– No lo recuerdo. Debía de haber luz procedente de alguna parte. Sólo sé que vi la figura acurrucada y advertí que era un cuerpo. Quizá la luz salió un momento de entre las nubes. No lo sé.
– ¿Y luego?
– Esperé sobre el caballo hasta que Mel, el capitán de la guardia, surgió de la oscuridad. De entrada no lo reconocí, así que pregunté quién iba. Al ver que era Mel, el capitán de la guardia, le pedí que examinara el cuerpo. Así lo hizo, y me dijo que era una niña y que estaba muerta. Le ordené que llevara el cuerpo a la abadía y fui a despertar al hermano Miach, nuestro médico.
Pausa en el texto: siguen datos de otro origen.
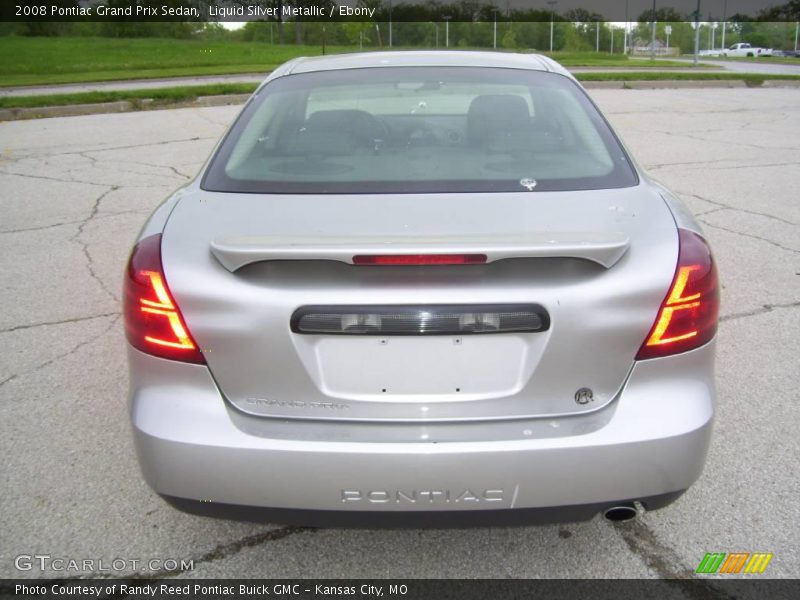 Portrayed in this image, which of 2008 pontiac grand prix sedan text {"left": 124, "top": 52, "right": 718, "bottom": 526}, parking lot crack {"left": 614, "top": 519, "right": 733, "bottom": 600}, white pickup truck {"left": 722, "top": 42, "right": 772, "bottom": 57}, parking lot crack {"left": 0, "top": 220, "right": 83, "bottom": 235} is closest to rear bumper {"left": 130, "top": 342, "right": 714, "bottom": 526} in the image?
2008 pontiac grand prix sedan text {"left": 124, "top": 52, "right": 718, "bottom": 526}

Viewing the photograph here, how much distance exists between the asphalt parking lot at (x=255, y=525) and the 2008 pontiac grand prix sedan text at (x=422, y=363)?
0.48m

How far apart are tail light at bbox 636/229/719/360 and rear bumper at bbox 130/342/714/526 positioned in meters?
0.04

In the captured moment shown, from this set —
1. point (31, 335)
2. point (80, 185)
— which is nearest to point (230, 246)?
point (31, 335)

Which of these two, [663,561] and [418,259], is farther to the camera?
[663,561]

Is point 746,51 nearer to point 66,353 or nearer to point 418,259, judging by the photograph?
point 66,353

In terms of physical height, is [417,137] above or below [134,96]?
above

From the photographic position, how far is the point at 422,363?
1.96 m

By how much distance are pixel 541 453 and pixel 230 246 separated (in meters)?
0.95

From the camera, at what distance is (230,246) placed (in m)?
1.93

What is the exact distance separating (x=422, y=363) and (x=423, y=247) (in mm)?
300

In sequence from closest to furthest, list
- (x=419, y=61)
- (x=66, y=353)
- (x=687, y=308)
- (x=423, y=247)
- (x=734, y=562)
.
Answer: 1. (x=423, y=247)
2. (x=687, y=308)
3. (x=734, y=562)
4. (x=419, y=61)
5. (x=66, y=353)

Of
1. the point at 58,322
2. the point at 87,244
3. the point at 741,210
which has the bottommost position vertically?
the point at 58,322

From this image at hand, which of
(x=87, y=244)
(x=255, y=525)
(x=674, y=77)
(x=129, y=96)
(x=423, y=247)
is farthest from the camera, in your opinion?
(x=674, y=77)

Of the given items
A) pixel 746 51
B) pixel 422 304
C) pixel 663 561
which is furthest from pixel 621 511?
pixel 746 51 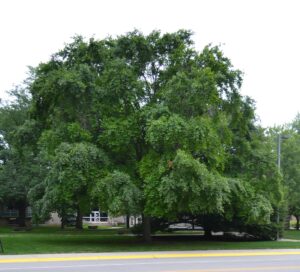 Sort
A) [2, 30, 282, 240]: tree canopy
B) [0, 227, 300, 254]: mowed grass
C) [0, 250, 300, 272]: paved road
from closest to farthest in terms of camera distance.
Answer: [0, 250, 300, 272]: paved road, [0, 227, 300, 254]: mowed grass, [2, 30, 282, 240]: tree canopy

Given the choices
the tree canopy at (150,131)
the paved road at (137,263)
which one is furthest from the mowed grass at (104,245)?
the paved road at (137,263)

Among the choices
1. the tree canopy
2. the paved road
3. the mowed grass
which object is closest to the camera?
the paved road

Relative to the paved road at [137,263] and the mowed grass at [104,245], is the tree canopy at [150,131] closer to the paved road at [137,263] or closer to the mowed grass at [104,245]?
the mowed grass at [104,245]

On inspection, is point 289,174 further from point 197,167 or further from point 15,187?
point 197,167

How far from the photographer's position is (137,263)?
16422 mm

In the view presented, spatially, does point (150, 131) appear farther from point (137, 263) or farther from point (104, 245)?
point (137, 263)

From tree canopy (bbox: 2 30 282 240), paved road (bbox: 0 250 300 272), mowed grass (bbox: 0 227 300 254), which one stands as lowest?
mowed grass (bbox: 0 227 300 254)

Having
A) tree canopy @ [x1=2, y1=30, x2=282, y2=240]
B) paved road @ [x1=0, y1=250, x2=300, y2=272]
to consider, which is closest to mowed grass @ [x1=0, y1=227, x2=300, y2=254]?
tree canopy @ [x1=2, y1=30, x2=282, y2=240]

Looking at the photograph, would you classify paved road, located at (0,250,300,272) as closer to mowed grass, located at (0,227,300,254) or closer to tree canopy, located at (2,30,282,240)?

– Ya veo. ¿Y Mel llevó el cuerpo a la abadía?
– Así es.
– ¿Solo?
– No, con uno de sus compañeros.
– ¿Recordáis su nombre?
– Un hombre llamado Daig -dijo sin más.
– Cuando dejaron el cuerpo, imagino que os percataríais de que era una de vuestras jóvenes novicias.
– En absoluto. Nunca la había visto. Fial, la niña a la que hicieron venir y que presenció el ataque de vuestro amigo sajón, identificó el cuerpo -dijo la abadesa con intención más que aviesa.
– Y esa noche era la primera vez que veíais a esas dos niñas. ¿No os parece extraño?
– No tiene ningún misterio, porque yo no recibo a todas las novicias, como ya he dicho en otra ocasión.
– De modo que Fial os dijo que, al parecer, había presenciado la violación y el asesinato de su amiga.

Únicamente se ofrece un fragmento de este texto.